The other commissioners are Samuel Tororei, Silas Muriithi, Konyimbih Mboya, Isaiah Lenachuru, Emma Njogu, Rose Musyoka and Abdulkadir Adan.
Instead, the anti-graft sleuths went for Chavangi, valuation and taxation director Salome Munubi and finance director Francis Karimi.
On July 22, 2015, the review subcommittee resolved to revoke the titles of five parcels in Embakasi, Nairobi, that were irregularly issued by the Lands ministry.
The property was not eligible for compensation. It was on the railway reserve — meaning the land belonged to the Kenya Railways Corporation. In 2016, however, Swazuri wrote to KRC managing director Atanas Maina rescinding an earlier commission decision not to pay for the five parcels.
“In view of the forgoing, and having reviewed the submissions of the parties and documents submitted, the commission reconsiders its decision and finds that the titles to the property be upheld… revocation shall not be effected against a bona fide purchaser for value without notice of a defect in the title,” Swazuri wrote.
From the five plots only, the NLC paid Sh314 million. Some of the controversial parcels are LR No 9085, 9088 and 9087 owned by Dasahe Investment Limited, and LR No 9086 owned by Olmotit Estate Limited.
While approving the charges, Haji said top Lands ministry officials irregularly allocated the parcels, which the Swazuri-led commission rubberstamped.
“NLC officials, fully cognisant of that fact, proceeded to irregularly and illegally award and compensate the entities in whose favour the fraudulent registration had been done,”Haji said.
“Regrettably, the KRC — the custodian of Railway reserve — actively participated in the entire process of compensation undertaken for and and on their behalf by the NLC.”
Expectedly, directors of Dasahe Investment Limited and Olmotit Estate Limited are those to be arrested.

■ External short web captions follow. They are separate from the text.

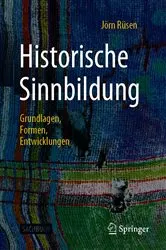 Book cover of Historische Sinnbildung by Jörn Rüsen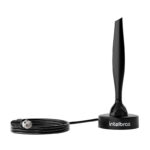 Antena digital interna com cabo 1,5m UHF/HDTV AI 1015 Intelbras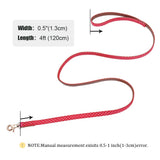 Leather Dog Leash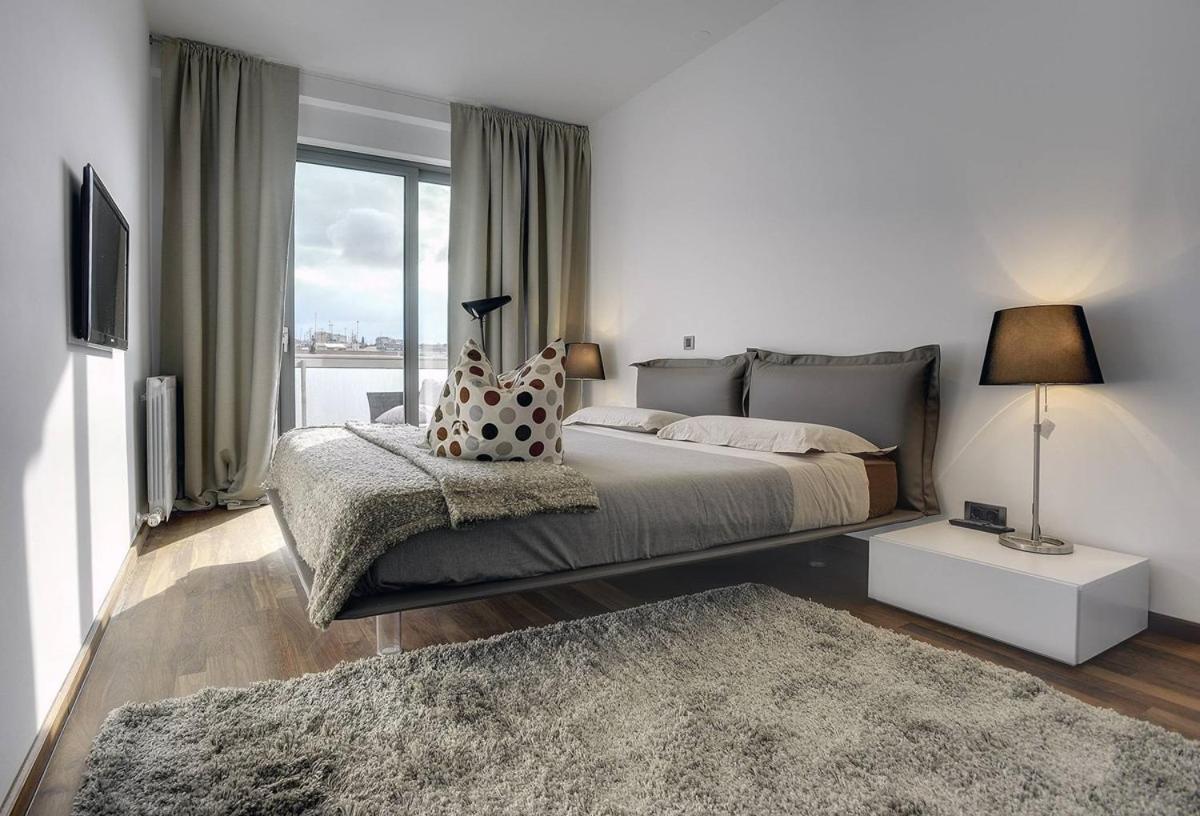 Pula City Business Apartments Eksteriør billede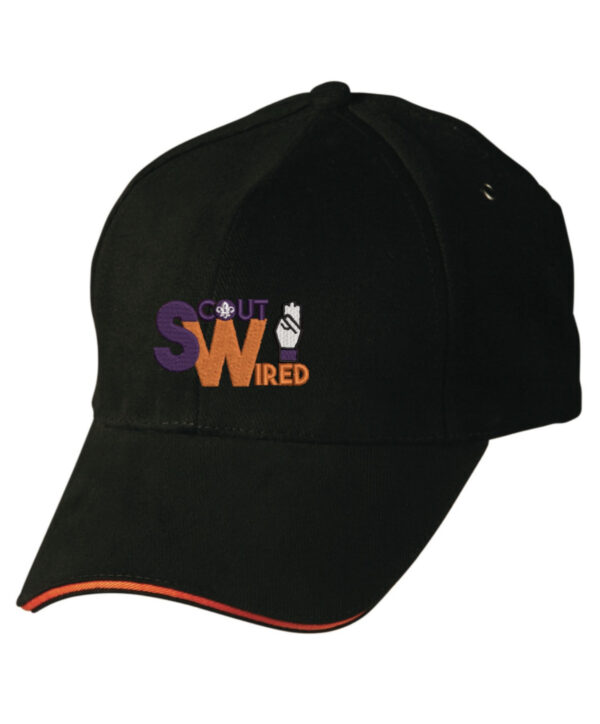 ScoutWired Cap
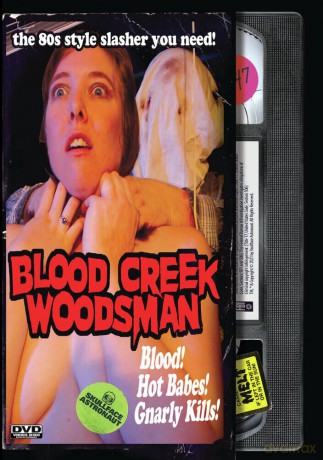Blood Creek Woodsman [DVD]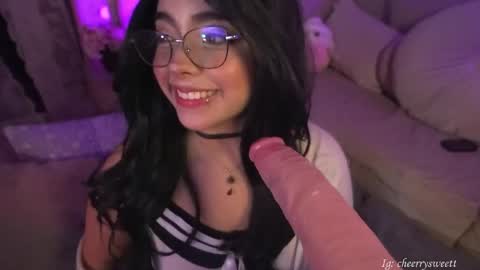 Baby Cherry online show from May 8, 2026, 12:16 am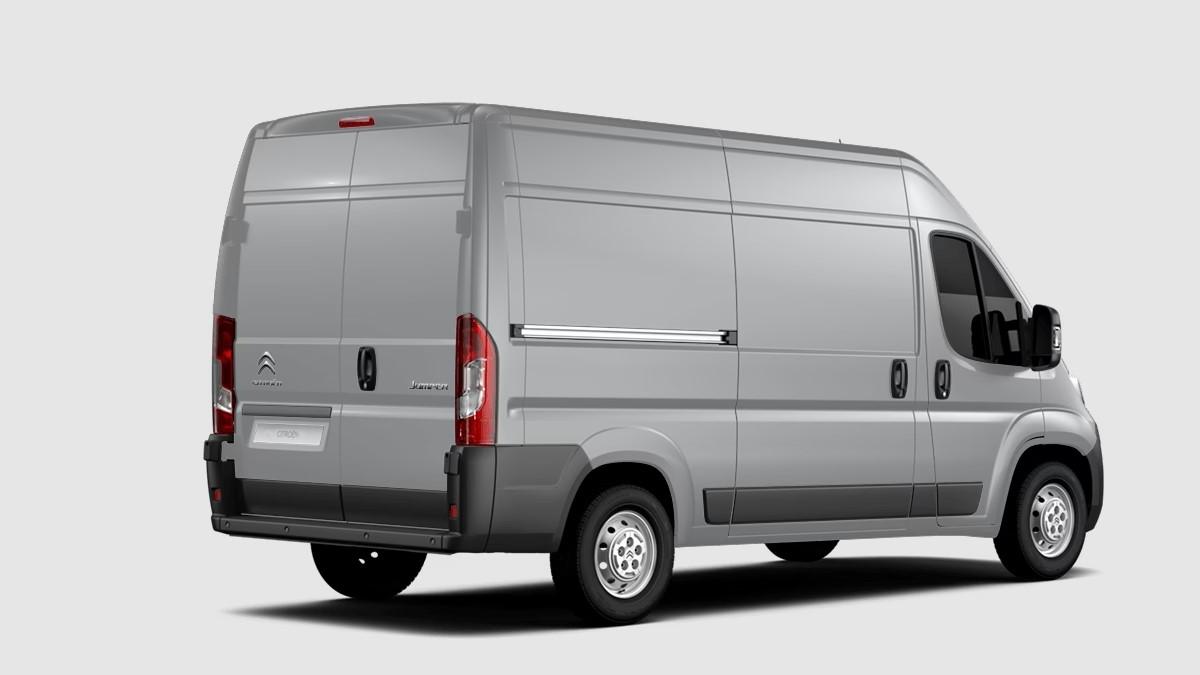 Citroen Relay L3 H2 grey rear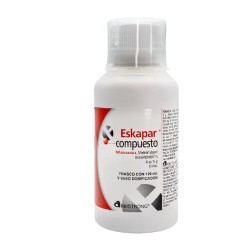 Eskapar Compuesto Suspensión 120 mL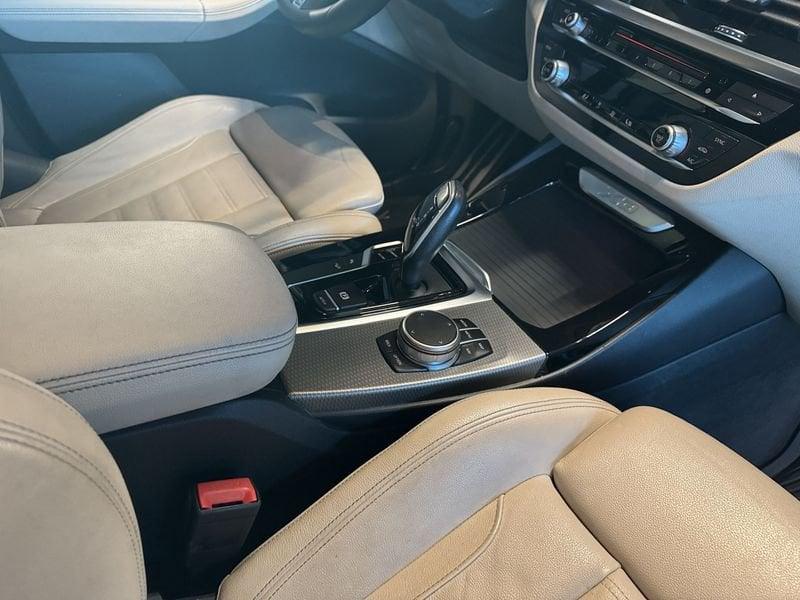 BMW X3 X3 xDrive20d Msport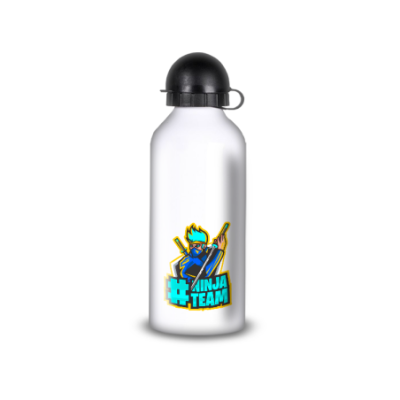 Gourde Alu et Thermos Team Ninja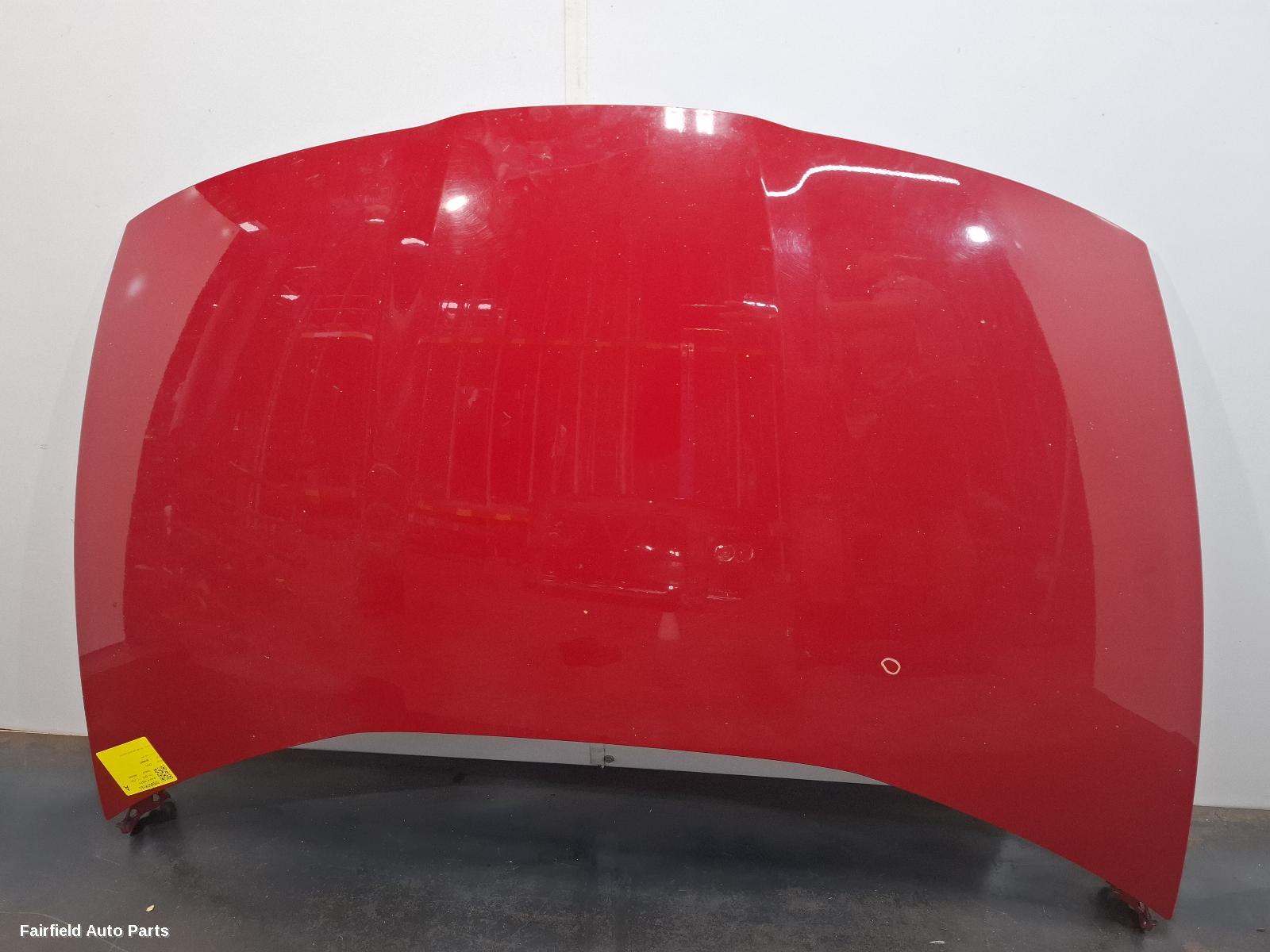 2009-2011 Honda Civic Bonnet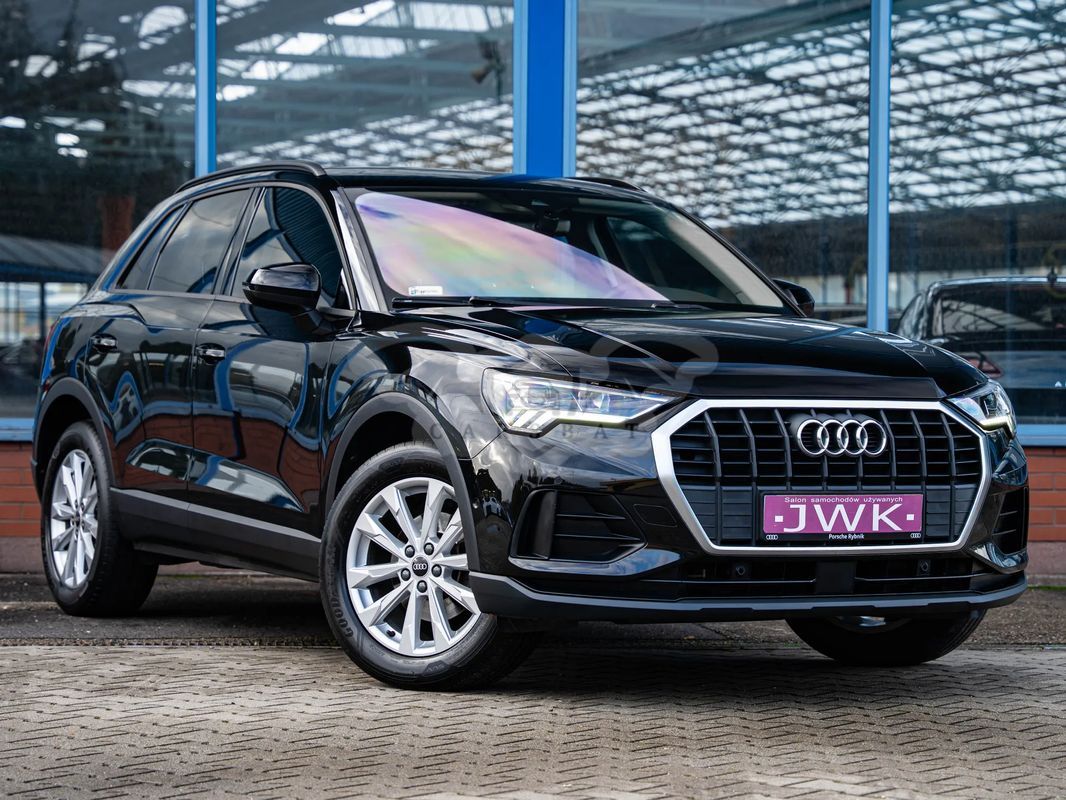Audi Q3 II 35 TFSI S tronic 2021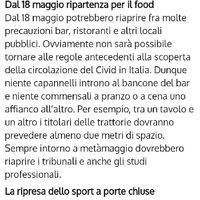 Secondo voi a cosa andiamo incontro? - 1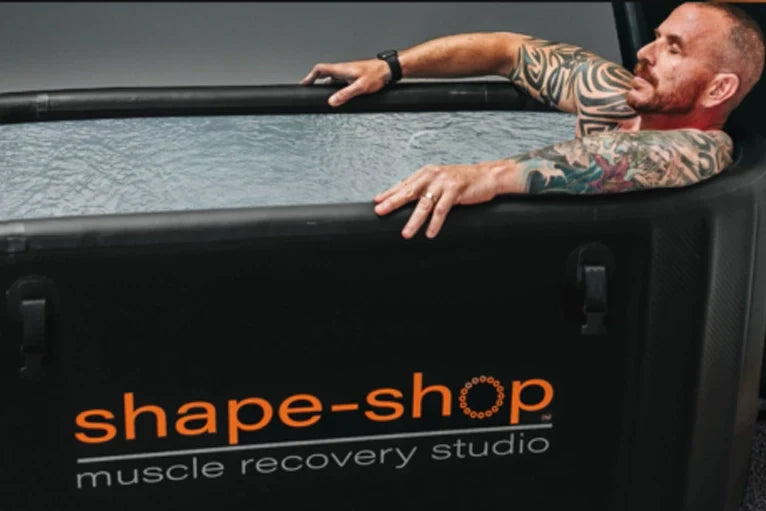 Shape-Shop Cold Plunge – Shape Shop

Dasahe was paid Sh177.5 million for three parcels through KCB, Kipande branch, held under the name of Keibukwo Investment Limited.
Curiously, LR No 9086 that Swazuri said was owned by Olmotit Estate Limited was paid through the same account for Sh43.8 million.
Another controversial parcel, LR No 29455, which had no title deed at the time of compensation, was acquired for Sh82.8 million through Standard Chartered Bank, Treasury Square, Mombasa branch, to an account belonging to Bakhresa Grain Milling Kenya Limited.